GIVEN INFORMATION:
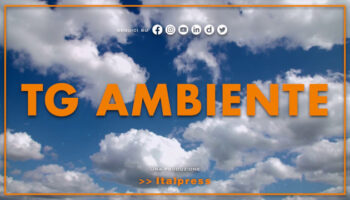 tg-ambiente-–-5/11/2023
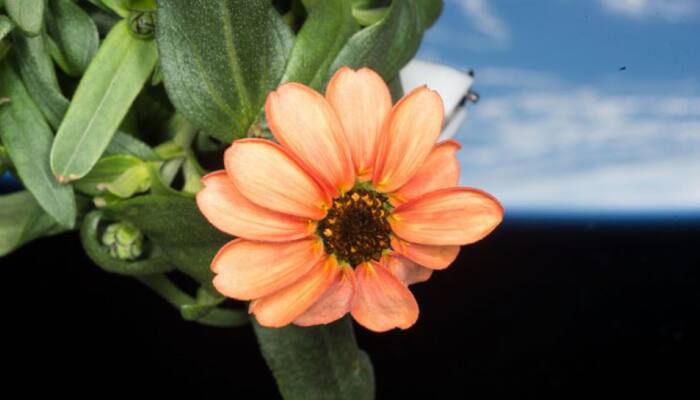 NASA’s Stunning Image Of Flower Grown On ISS Leaves Netizens In Awe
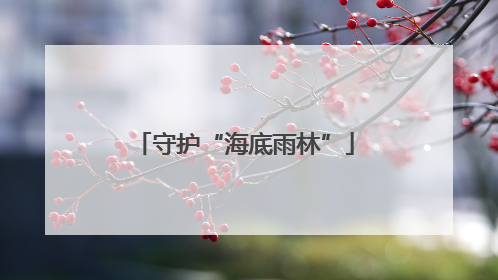 守护“海底雨林”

YOUR ASSIGNMENT: Are you able to set down all the lines above exactly, without any pictures?

TASK SOLUTION:
 tg-ambiente-–-5/11/2023
 NASA’s Stunning Image Of Flower Grown On ISS Leaves Netizens In Awe
 守护“海底雨林”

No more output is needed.